WORK TO BE COMPLETED: Copy word for word the lines in the records below, starting at the line with "Next is the" and ending at the line with "Thanks. I'm somewhat". Skip the pictures.

INPUT FOR THIS TASK:
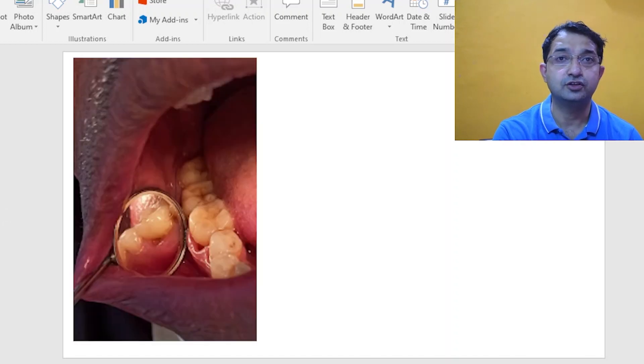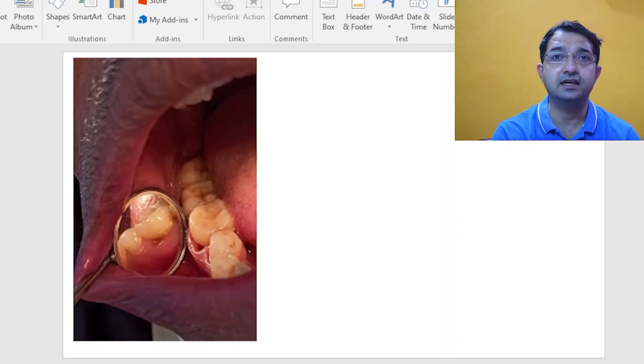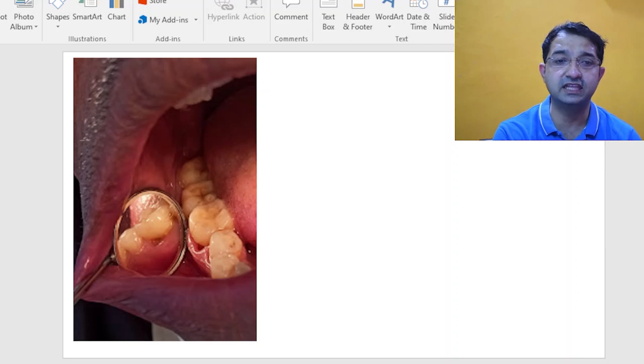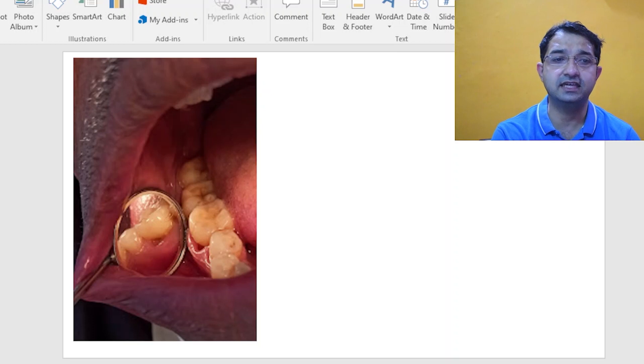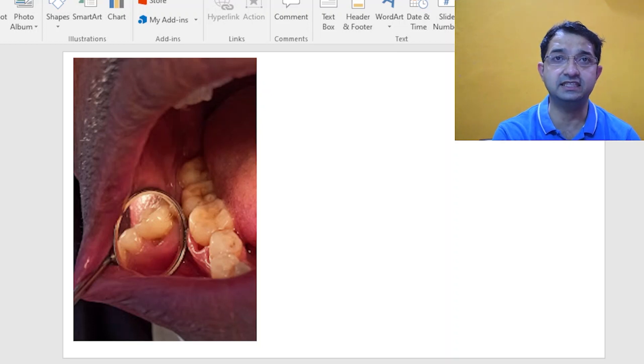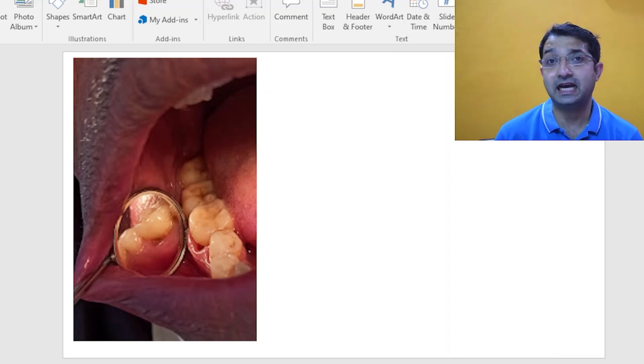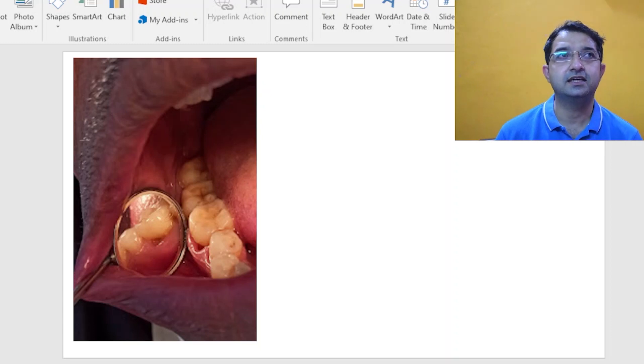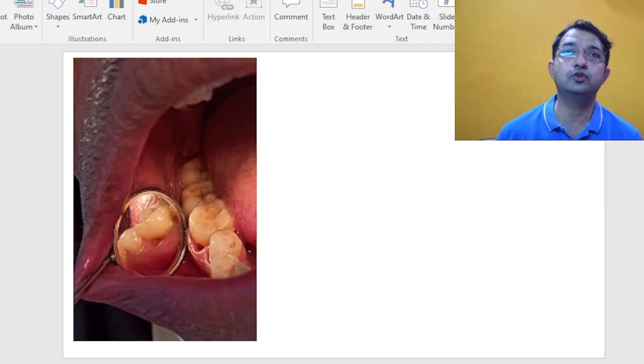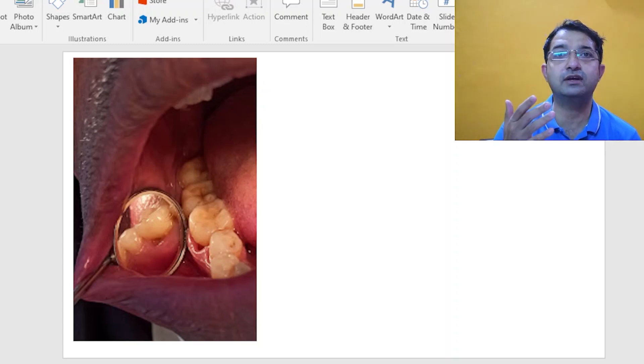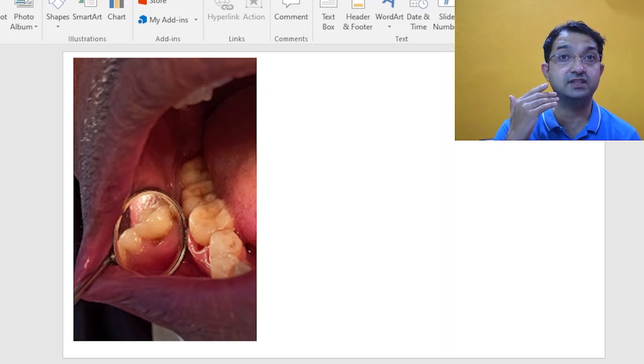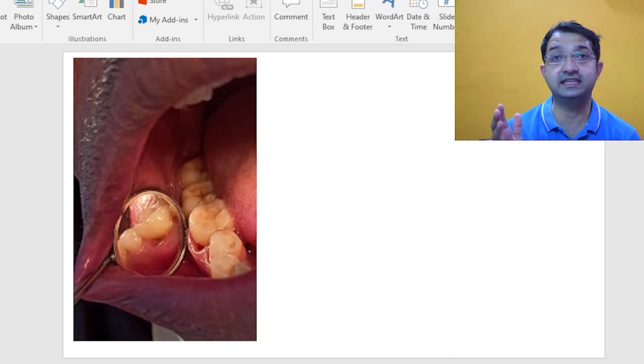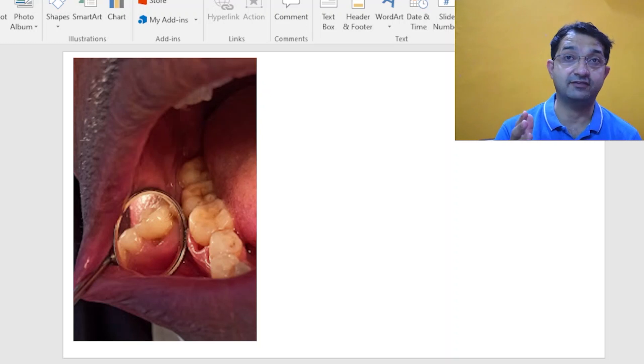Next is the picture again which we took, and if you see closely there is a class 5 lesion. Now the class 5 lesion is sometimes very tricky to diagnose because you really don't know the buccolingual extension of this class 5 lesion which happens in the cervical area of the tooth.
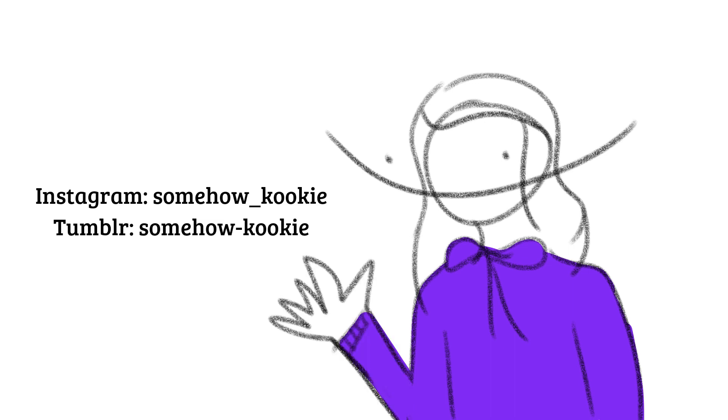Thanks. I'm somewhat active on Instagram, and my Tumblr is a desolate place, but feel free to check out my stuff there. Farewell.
---
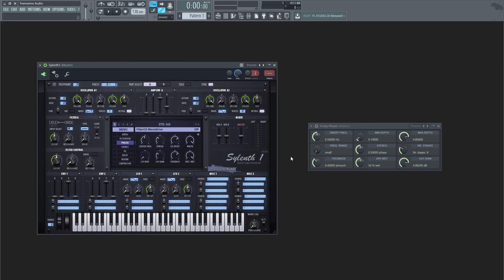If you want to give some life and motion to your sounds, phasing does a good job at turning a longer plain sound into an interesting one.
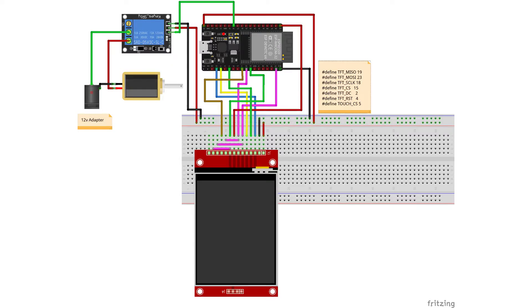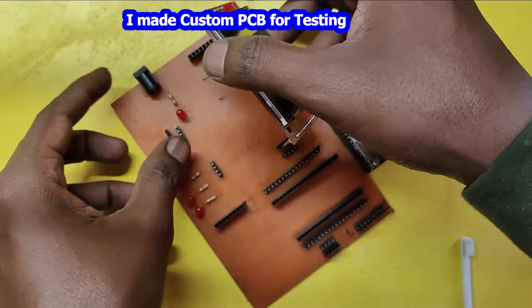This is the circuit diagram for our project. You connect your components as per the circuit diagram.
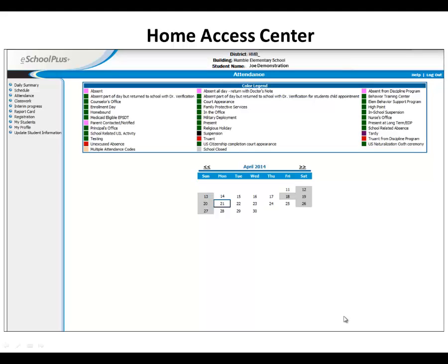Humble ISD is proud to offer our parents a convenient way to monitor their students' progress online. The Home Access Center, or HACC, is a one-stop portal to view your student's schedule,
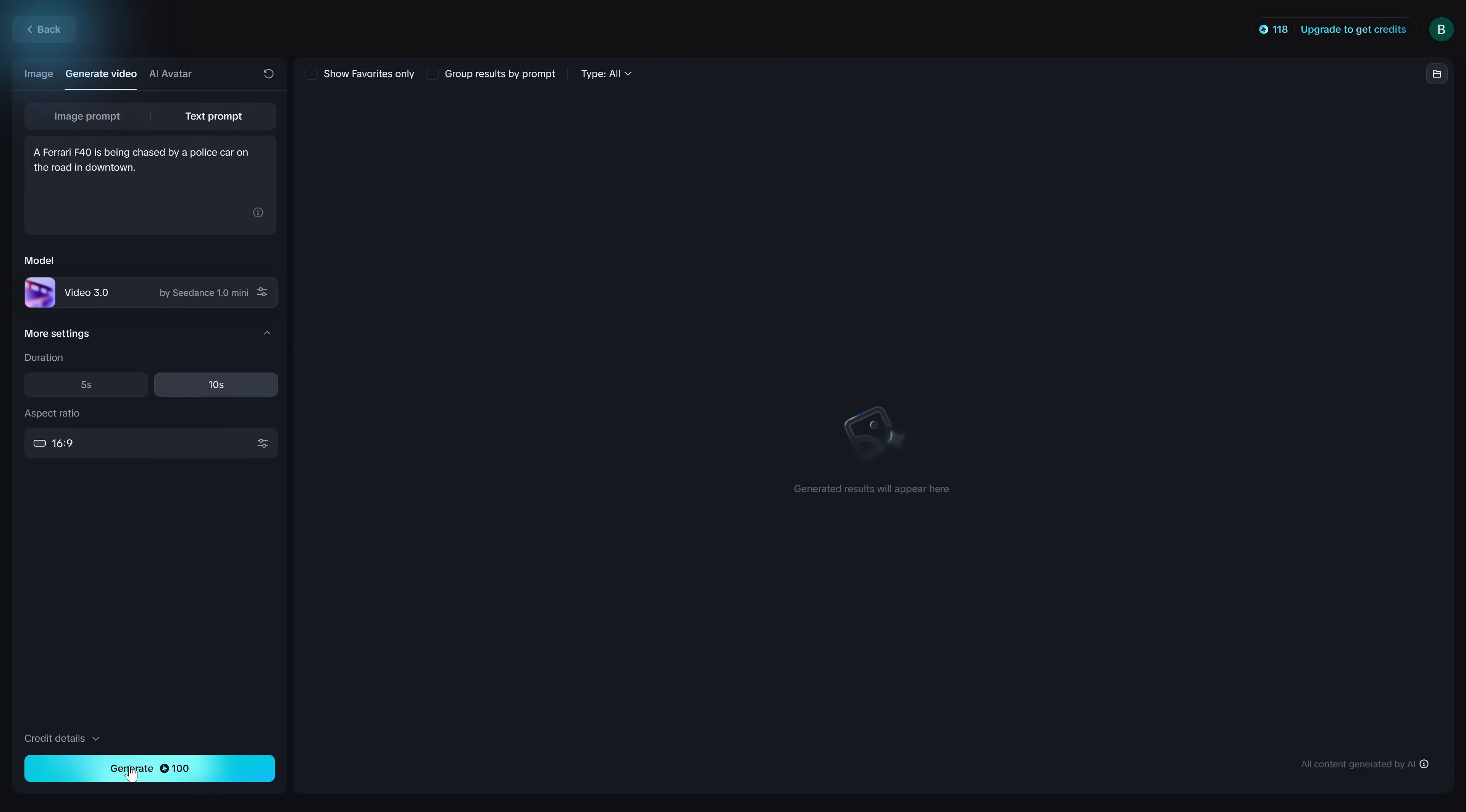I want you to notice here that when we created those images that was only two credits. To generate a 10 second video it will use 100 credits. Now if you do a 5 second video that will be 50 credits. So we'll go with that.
* * *
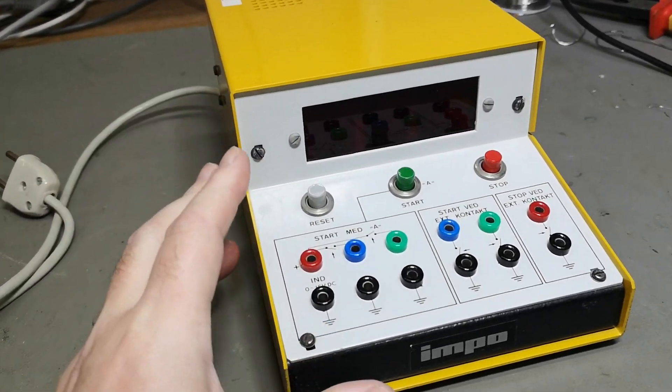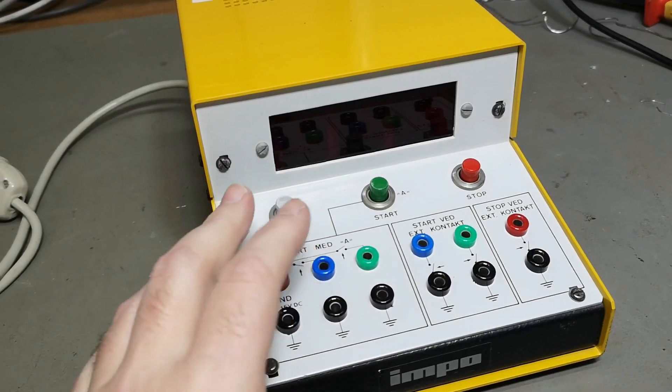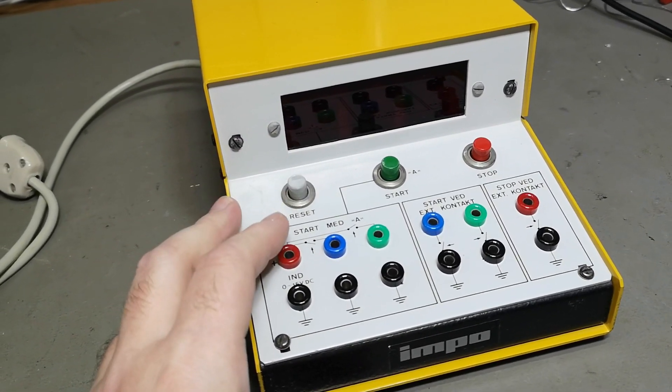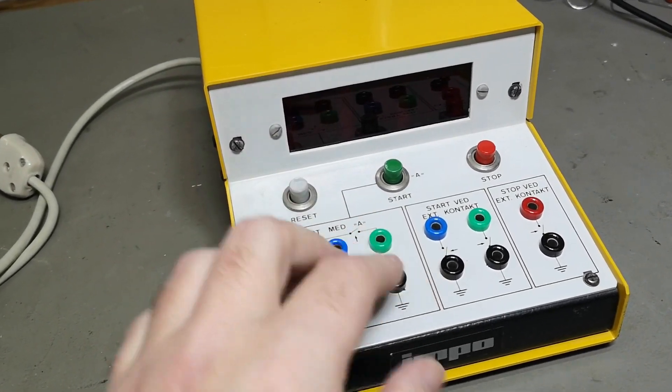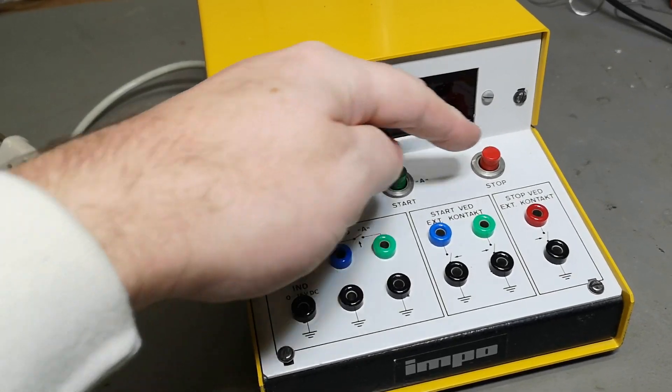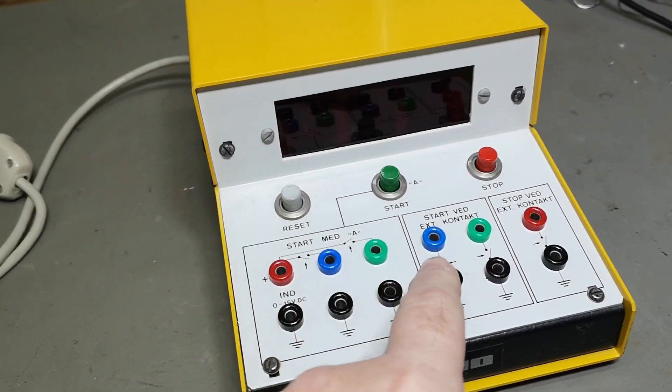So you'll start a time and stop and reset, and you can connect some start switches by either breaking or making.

ANSWER SECTION:
Next is the picture again which we took, and if you see closely there is a class 5 lesion. Now the class 5 lesion is sometimes very tricky to diagnose because you really don't know the buccolingual extension of this class 5 lesion which happens in the cervical area of the tooth.
Thanks. I'm somewhat active on Instagram, and my Tumblr is a desolate place, but feel free to check out my stuff there. Farewell.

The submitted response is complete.